The core of this standard is "cavity matrix standardization": it clearly defines the cavity distribution and quantity of IC trays corresponding to chip sizes ranging from 3×3mm (micro sensor chips) to 22×22mm (large power chips). For example, small 3×3mm chips often use trays with a 20×20 cavity matrix (400 cavities total), while large 22×22mm chips typically use a 10×10 matrix (100 cavities total)—balancing space utilization and preventing chip extrusion.

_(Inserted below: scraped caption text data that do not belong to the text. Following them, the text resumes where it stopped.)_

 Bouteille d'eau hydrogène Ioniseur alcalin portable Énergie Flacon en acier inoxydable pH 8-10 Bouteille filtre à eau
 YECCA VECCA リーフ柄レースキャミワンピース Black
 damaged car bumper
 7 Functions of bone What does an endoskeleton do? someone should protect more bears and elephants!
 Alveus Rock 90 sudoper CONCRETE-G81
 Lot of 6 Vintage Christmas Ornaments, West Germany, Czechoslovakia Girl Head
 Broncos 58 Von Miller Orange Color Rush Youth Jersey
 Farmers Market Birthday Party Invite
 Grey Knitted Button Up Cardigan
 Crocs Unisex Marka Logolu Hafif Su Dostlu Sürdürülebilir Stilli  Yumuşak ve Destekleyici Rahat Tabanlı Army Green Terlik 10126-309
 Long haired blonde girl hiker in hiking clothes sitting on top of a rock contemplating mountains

IV. 5 Key Material Requirements for IC Trays

IC tray materials must balance protection, stability, and practicality, with 5 core requirements:

1. Anti-static performance: Modified by adding antistatic agents, conductive carbon black, or conductive carbon fibers. Requirements vary by scenario: general industrial chips need a surface resistance of 10⁹-10¹¹Ω, while high-end sensitive chips (e.g., AI chips) require 10⁶-10⁸Ω to eliminate electrostatic breakdown risks.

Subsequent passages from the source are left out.